== STORED DATA ==
---

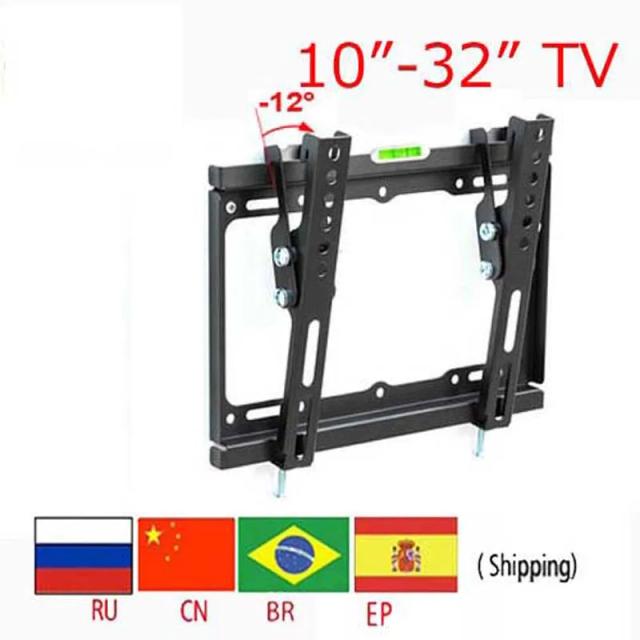 Suporte de Parede para TV LCD/LED PTB-6022HT de 10" a 32" com Inclinação de 15° e Capacidade de 30kg, VESA 200x200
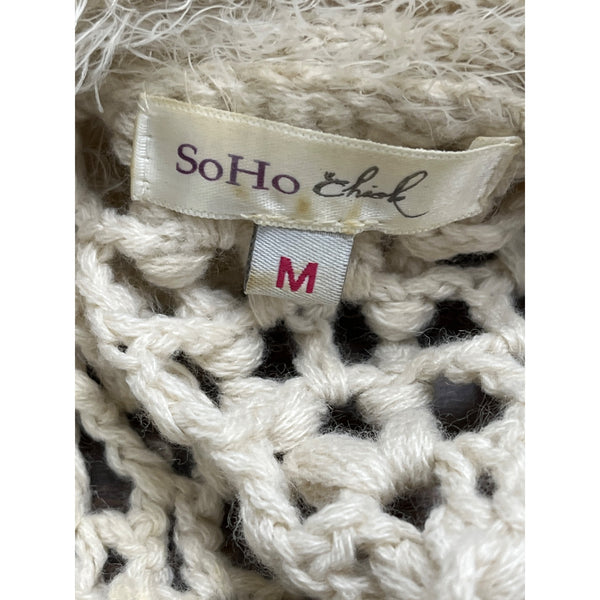 Soho Chick Womens Beige Crochet Knit Shawl Collar Vest Medium Acrylic Open Front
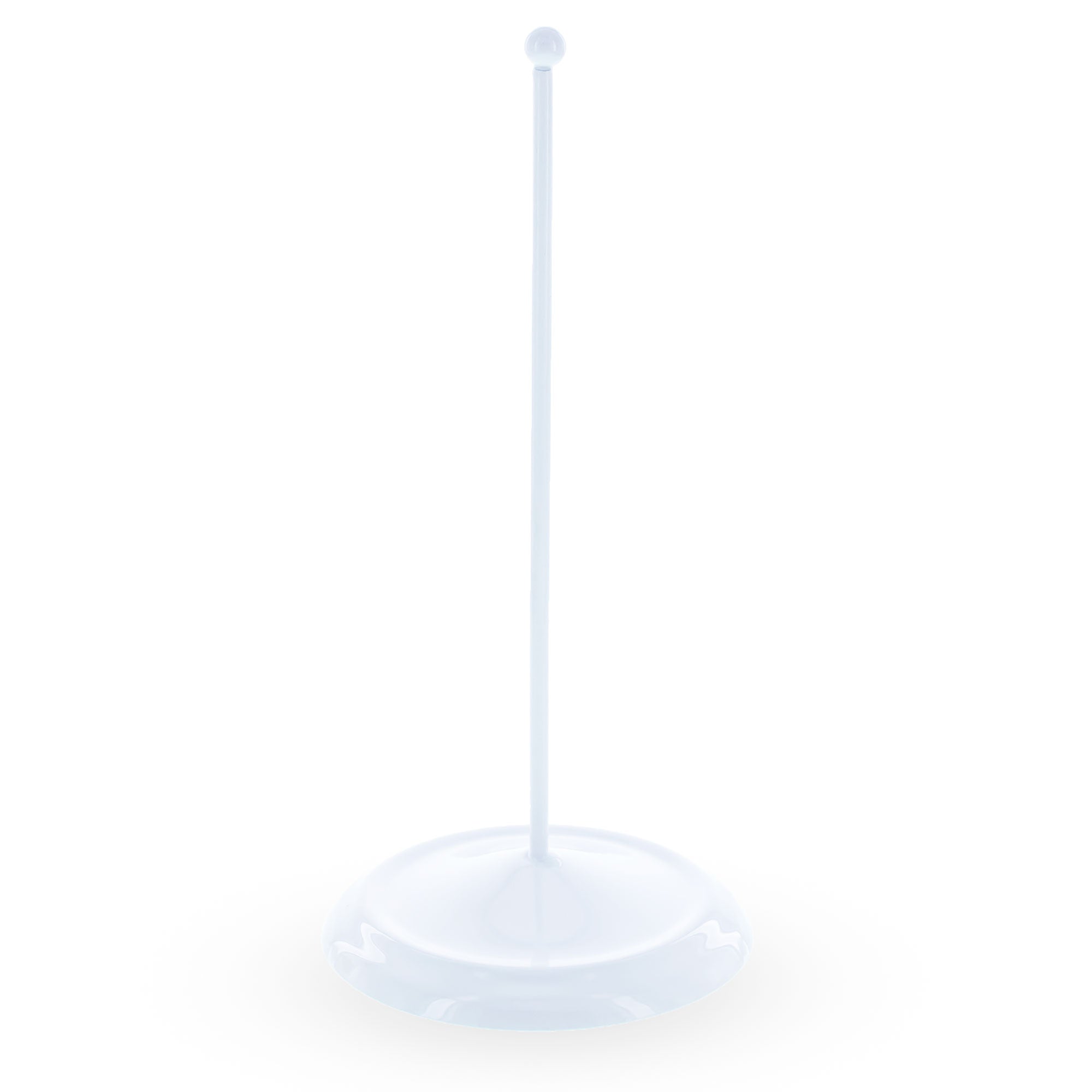 Upright White Metal Christmas Tree Topper Finial Stand Display Stand 7.2 Inches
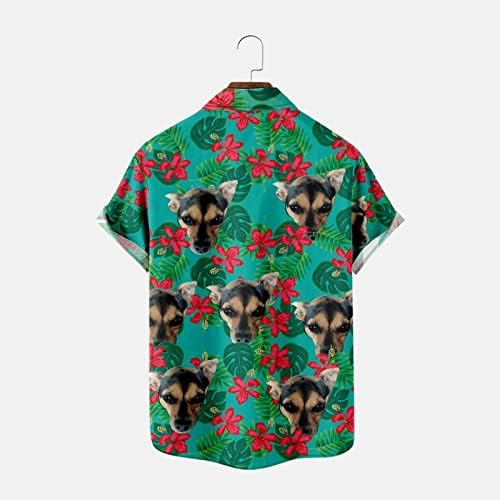 Менти печатени хавајски кошули со кратки ракави со кратки ракави надолу со кошули со шарени шорцеви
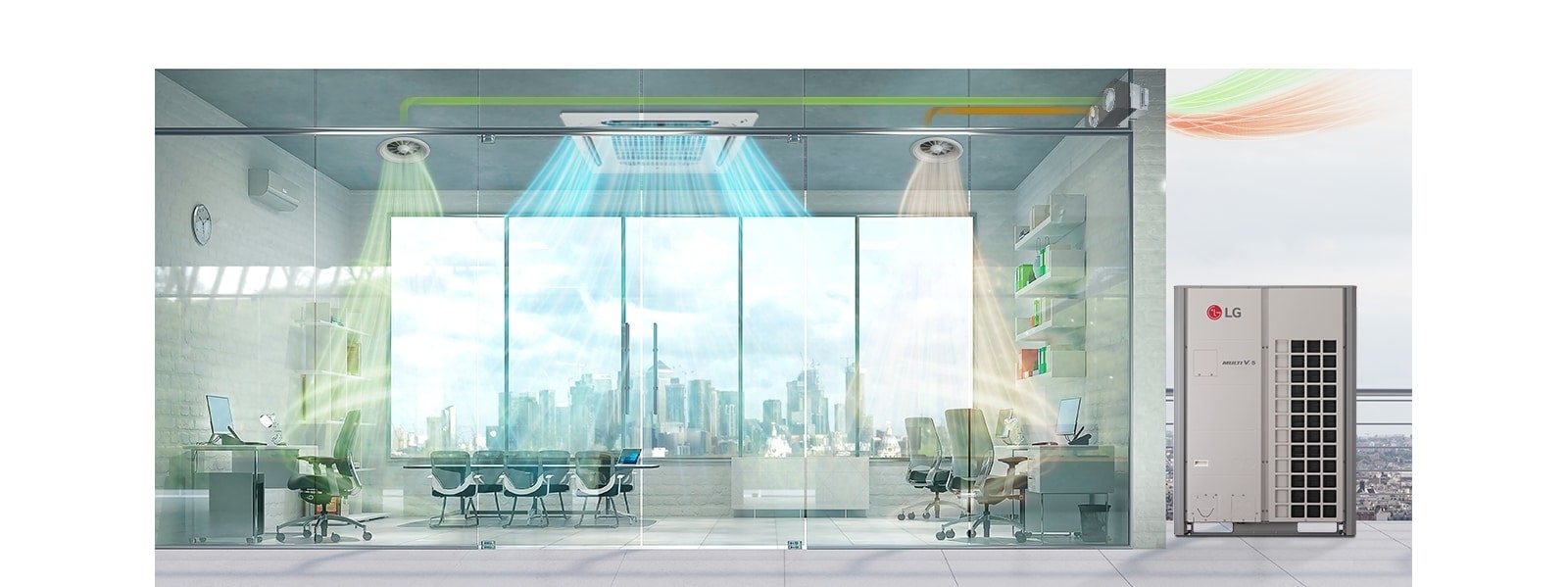 An office with an LG air conditioning system in the ceiling showing airflow. The LG Multi V 5 unit is on the right.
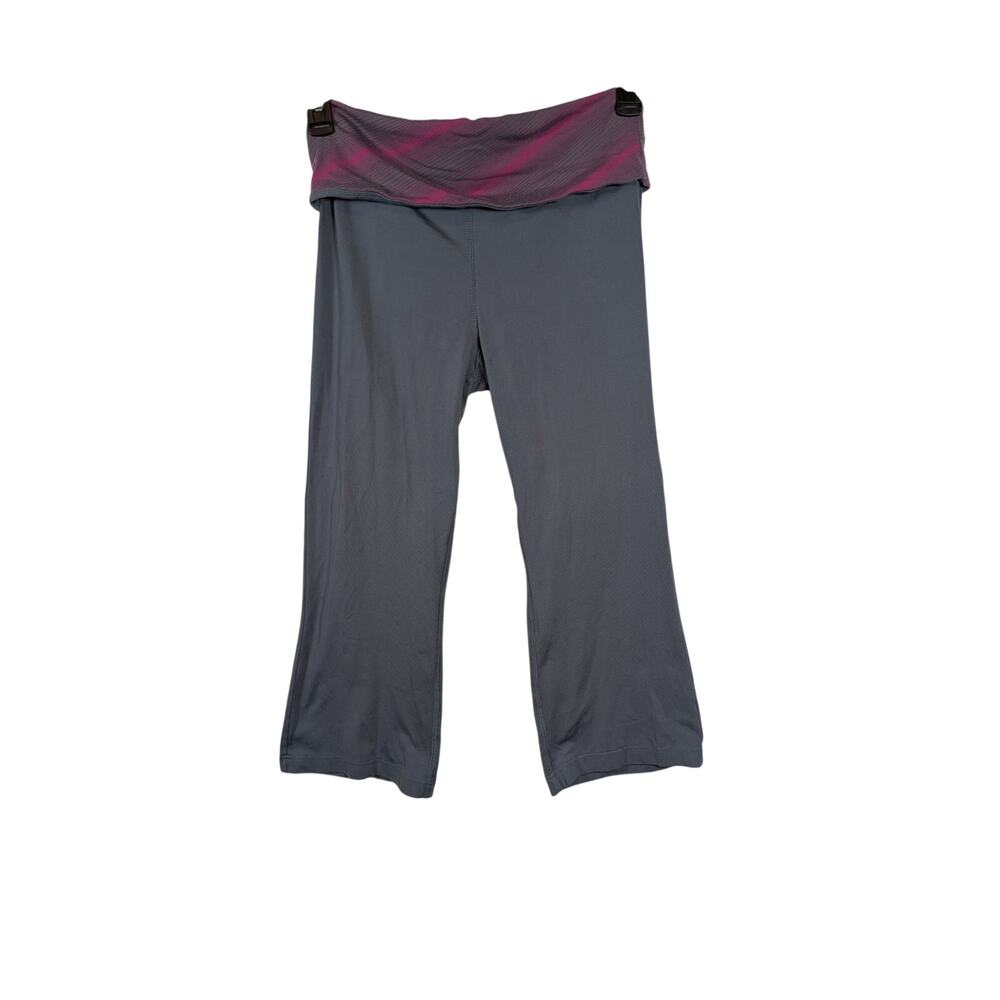 alo Coolfit Size Medium Gray/Pink Yoga Foldover Capri Flare Legging Pants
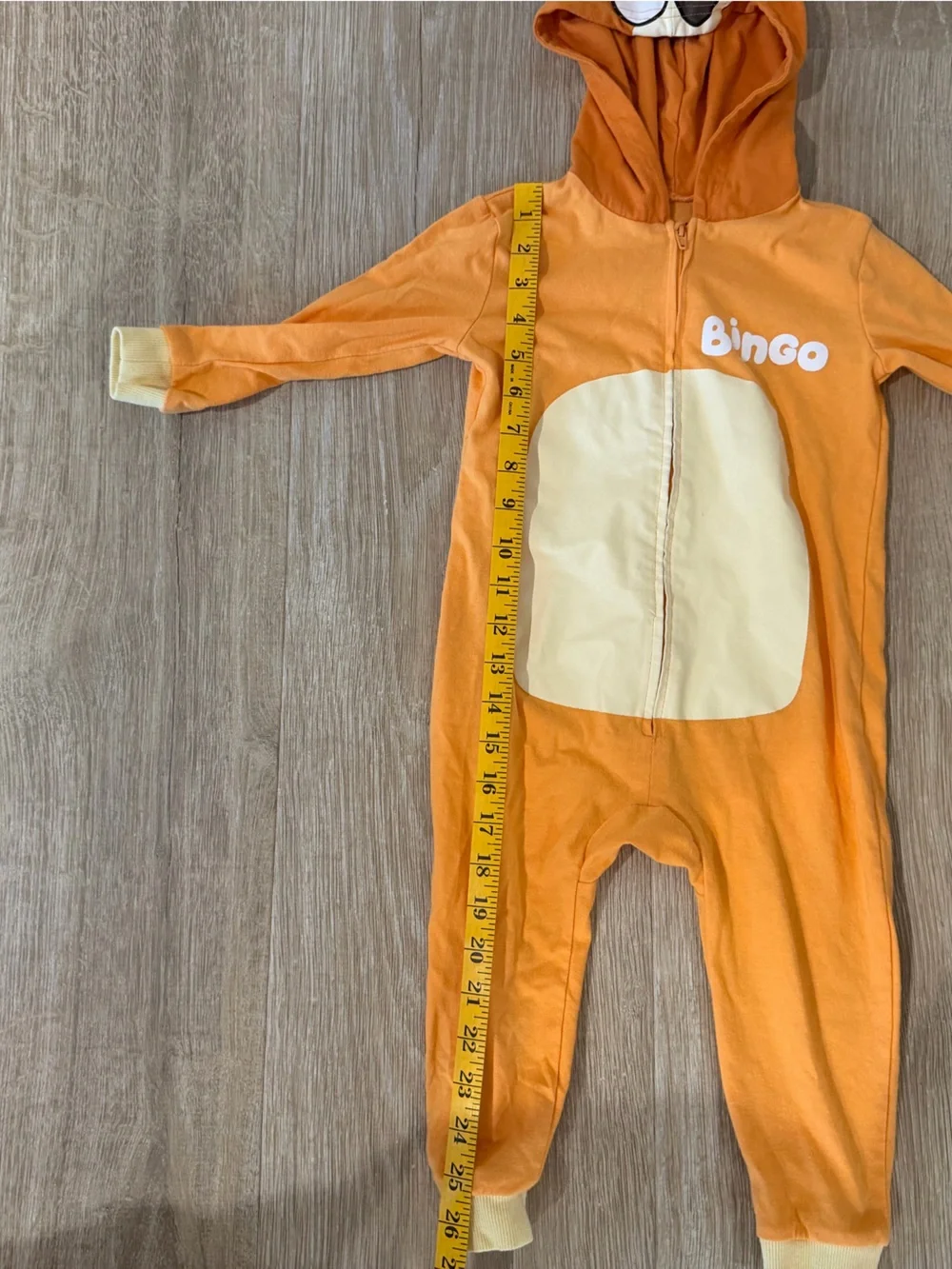 Bingo Orange Heeler Dog Hooded One-Piece Toddler Costume from Disney’s Bluey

---

== REQUIREMENT ==
Restate each entry exactly, omitting pictures.

== REPLY TO THE TASK ==
 Suporte de Parede para TV LCD/LED PTB-6022HT de 10" a 32" com Inclinação de 15° e Capacidade de 30kg, VESA 200x200
 Soho Chick Womens Beige Crochet Knit Shawl Collar Vest Medium Acrylic Open Front
 Upright White Metal Christmas Tree Topper Finial Stand Display Stand 7.2 Inches
 Менти печатени хавајски кошули со кратки ракави со кратки ракави надолу со кошули со шарени шорцеви
 An office with an LG air conditioning system in the ceiling showing airflow. The LG Multi V 5 unit is on the right.
 alo Coolfit Size Medium Gray/Pink Yoga Foldover Capri Flare Legging Pants
 Bingo Orange Heeler Dog Hooded One-Piece Toddler Costume from Disney’s Bluey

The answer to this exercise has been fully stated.